Haggis’s career was going so well that in 1987 he was approached by
Ed Zwick and
Marshall Herskovitz to write for a new television series called
thirtysomething
. They were looking for distinctive voices. “I love the fact that you guys
are doing a show that’s about emotions,” Haggis told them. “I
hate
writing about emotions. And I don’t like to talk about my own.” But he seemed to be looking for a chance to push himself creatively. With his first script, Zwick and Herskovitz
told him, “This is really good, but where does it come from?” Haggis didn’t know what they meant. “Where does it come from—within
you
?” they explained. The thought that his own experience mattered was a revelation.

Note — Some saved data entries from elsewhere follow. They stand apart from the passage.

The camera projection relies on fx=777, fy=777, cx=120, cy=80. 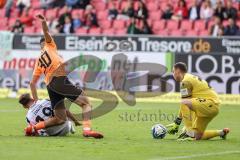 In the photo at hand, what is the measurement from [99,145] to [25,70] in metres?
14.9

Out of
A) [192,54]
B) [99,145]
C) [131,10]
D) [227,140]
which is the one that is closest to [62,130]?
[99,145]

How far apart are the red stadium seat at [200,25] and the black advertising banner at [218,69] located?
3018 millimetres

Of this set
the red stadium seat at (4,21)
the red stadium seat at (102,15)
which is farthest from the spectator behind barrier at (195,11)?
the red stadium seat at (4,21)

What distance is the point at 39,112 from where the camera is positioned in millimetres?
14836

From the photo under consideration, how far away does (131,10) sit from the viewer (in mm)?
29906

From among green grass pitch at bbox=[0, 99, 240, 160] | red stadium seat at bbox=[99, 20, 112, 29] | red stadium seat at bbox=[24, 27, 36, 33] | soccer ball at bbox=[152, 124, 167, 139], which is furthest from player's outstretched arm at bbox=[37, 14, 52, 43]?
red stadium seat at bbox=[24, 27, 36, 33]

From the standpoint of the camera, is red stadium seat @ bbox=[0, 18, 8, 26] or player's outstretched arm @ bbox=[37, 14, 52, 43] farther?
red stadium seat @ bbox=[0, 18, 8, 26]

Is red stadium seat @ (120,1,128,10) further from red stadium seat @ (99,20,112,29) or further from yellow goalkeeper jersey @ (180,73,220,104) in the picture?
yellow goalkeeper jersey @ (180,73,220,104)

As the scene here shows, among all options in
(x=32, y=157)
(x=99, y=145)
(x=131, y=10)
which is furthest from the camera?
(x=131, y=10)

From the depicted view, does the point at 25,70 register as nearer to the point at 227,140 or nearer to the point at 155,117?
A: the point at 155,117

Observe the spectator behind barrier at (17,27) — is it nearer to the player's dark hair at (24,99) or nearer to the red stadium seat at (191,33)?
the red stadium seat at (191,33)

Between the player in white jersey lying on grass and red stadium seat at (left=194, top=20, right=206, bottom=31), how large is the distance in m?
14.7

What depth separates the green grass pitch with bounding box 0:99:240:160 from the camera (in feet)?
38.0

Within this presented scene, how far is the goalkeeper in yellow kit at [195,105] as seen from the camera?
14.1 metres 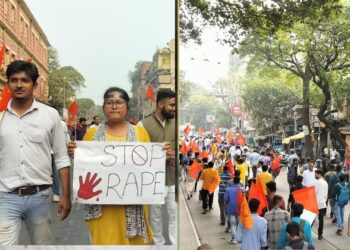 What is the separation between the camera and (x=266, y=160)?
6668 millimetres

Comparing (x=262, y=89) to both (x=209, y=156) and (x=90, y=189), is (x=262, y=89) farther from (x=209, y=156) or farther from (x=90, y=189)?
(x=90, y=189)

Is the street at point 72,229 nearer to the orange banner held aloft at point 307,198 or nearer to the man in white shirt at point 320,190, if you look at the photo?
the orange banner held aloft at point 307,198

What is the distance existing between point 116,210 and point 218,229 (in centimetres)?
240

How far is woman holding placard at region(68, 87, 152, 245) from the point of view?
166 inches

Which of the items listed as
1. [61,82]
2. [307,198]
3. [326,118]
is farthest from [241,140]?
[61,82]

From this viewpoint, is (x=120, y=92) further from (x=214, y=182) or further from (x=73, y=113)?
(x=214, y=182)

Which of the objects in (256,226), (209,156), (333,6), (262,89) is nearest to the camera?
(256,226)

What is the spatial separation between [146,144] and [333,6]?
2742mm

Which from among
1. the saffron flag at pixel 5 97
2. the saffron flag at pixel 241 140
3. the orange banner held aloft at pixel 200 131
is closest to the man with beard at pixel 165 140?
the saffron flag at pixel 5 97

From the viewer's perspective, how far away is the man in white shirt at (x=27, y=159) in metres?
3.88

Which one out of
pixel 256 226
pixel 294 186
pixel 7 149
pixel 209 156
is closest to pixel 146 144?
pixel 7 149

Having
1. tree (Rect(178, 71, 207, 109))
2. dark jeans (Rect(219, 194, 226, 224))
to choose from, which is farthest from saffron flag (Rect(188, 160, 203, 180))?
tree (Rect(178, 71, 207, 109))

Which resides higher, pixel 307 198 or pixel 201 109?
pixel 201 109

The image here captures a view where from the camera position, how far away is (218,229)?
6.31 m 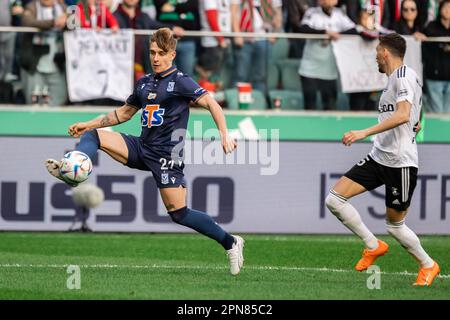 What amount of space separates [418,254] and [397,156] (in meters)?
0.96

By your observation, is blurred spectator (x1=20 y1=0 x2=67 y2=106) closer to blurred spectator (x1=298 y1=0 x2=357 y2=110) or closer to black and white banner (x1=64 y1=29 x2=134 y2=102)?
black and white banner (x1=64 y1=29 x2=134 y2=102)

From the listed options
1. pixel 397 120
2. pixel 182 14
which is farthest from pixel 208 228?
pixel 182 14

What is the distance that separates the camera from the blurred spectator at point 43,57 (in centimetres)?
1778

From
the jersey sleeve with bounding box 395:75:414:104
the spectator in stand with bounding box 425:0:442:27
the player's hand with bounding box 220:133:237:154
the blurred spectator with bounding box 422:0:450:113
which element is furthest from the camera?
the spectator in stand with bounding box 425:0:442:27

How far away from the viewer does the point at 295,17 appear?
18.6m

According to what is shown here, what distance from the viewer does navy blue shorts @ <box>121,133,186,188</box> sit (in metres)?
10.8

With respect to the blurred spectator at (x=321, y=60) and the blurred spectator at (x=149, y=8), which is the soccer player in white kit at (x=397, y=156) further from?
the blurred spectator at (x=149, y=8)

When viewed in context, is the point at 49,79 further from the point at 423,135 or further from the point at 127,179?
the point at 423,135

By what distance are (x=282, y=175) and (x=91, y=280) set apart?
23.6 ft

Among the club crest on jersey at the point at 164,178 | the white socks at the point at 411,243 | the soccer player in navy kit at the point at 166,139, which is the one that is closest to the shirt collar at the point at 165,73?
the soccer player in navy kit at the point at 166,139

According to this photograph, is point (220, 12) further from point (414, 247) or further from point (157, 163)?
point (414, 247)

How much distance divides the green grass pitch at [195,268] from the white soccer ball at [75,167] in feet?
3.17

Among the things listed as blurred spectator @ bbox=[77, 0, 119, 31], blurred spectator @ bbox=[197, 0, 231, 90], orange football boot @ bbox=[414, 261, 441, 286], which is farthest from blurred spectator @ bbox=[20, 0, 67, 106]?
orange football boot @ bbox=[414, 261, 441, 286]

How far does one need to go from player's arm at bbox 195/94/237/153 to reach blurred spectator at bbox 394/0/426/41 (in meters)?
8.77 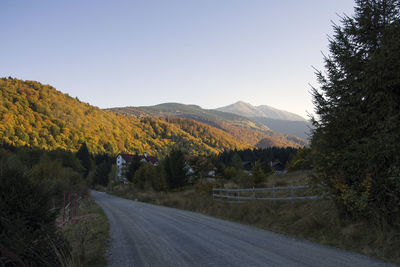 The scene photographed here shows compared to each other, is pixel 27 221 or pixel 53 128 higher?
pixel 53 128

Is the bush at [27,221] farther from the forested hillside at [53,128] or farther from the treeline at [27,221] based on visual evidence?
the forested hillside at [53,128]

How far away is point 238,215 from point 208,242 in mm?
6999

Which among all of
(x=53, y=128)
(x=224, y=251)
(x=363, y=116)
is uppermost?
(x=53, y=128)

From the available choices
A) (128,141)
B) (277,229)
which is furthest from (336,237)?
(128,141)

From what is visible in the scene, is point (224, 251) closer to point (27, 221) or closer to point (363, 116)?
point (27, 221)

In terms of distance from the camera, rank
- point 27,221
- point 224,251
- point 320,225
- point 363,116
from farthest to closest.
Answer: point 320,225 → point 363,116 → point 224,251 → point 27,221

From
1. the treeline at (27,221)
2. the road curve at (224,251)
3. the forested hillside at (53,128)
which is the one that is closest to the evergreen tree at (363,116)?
the road curve at (224,251)

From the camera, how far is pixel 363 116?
8.71m

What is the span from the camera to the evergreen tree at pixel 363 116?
7805 millimetres

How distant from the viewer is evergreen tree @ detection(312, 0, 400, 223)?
25.6 ft

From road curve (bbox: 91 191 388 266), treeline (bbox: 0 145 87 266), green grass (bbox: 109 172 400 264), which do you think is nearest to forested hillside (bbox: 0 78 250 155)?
green grass (bbox: 109 172 400 264)

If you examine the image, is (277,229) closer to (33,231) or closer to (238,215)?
(238,215)

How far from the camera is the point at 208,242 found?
891cm

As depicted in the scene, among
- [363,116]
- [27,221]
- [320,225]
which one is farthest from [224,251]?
[363,116]
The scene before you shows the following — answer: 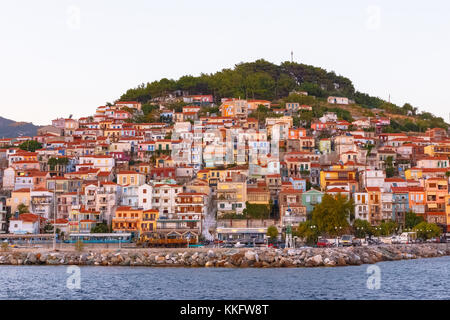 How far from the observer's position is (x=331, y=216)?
182ft

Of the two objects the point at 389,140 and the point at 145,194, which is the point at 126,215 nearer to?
the point at 145,194

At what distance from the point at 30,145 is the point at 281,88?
4714 centimetres

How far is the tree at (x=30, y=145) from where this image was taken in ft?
282

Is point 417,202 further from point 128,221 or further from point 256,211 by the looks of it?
point 128,221

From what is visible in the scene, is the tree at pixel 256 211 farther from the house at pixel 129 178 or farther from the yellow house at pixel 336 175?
the house at pixel 129 178

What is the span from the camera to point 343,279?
39.8m


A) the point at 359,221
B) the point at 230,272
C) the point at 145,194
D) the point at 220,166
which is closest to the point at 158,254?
the point at 230,272

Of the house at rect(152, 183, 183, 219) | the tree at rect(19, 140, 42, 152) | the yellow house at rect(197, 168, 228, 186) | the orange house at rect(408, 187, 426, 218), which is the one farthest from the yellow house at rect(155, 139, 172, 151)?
the orange house at rect(408, 187, 426, 218)

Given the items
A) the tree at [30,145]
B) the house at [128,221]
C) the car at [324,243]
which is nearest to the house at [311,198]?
the car at [324,243]

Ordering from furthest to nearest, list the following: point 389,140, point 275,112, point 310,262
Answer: point 275,112 → point 389,140 → point 310,262

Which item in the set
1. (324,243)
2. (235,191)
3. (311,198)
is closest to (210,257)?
(324,243)

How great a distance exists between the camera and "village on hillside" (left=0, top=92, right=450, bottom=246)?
59375 millimetres

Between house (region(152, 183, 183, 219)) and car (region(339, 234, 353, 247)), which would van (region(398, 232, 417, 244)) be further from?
house (region(152, 183, 183, 219))

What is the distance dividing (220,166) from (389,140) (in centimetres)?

Zwick and Herskovitz sensed that Haggis wasn’t happy on the show; in any case, he got a lucrative offer to create his own series and left after the first season. But he had won two Emmys, for writing and producing, and the experience transformed him as a writer. From working with Zwick and Herskovitz, Haggis became interested in directing. He finally got the chance to do a brief ad for the church about
Dianetics. He decided against the usual portrayal of Scientology as a triumphal march toward enlightenment, choosing instead to shoot a group of people talking about practical ways they had used Dianetics in their lives. It was casual and naturalistic. Church authorities hated it. They told him it looked like a meeting of Alcoholics Anonymous.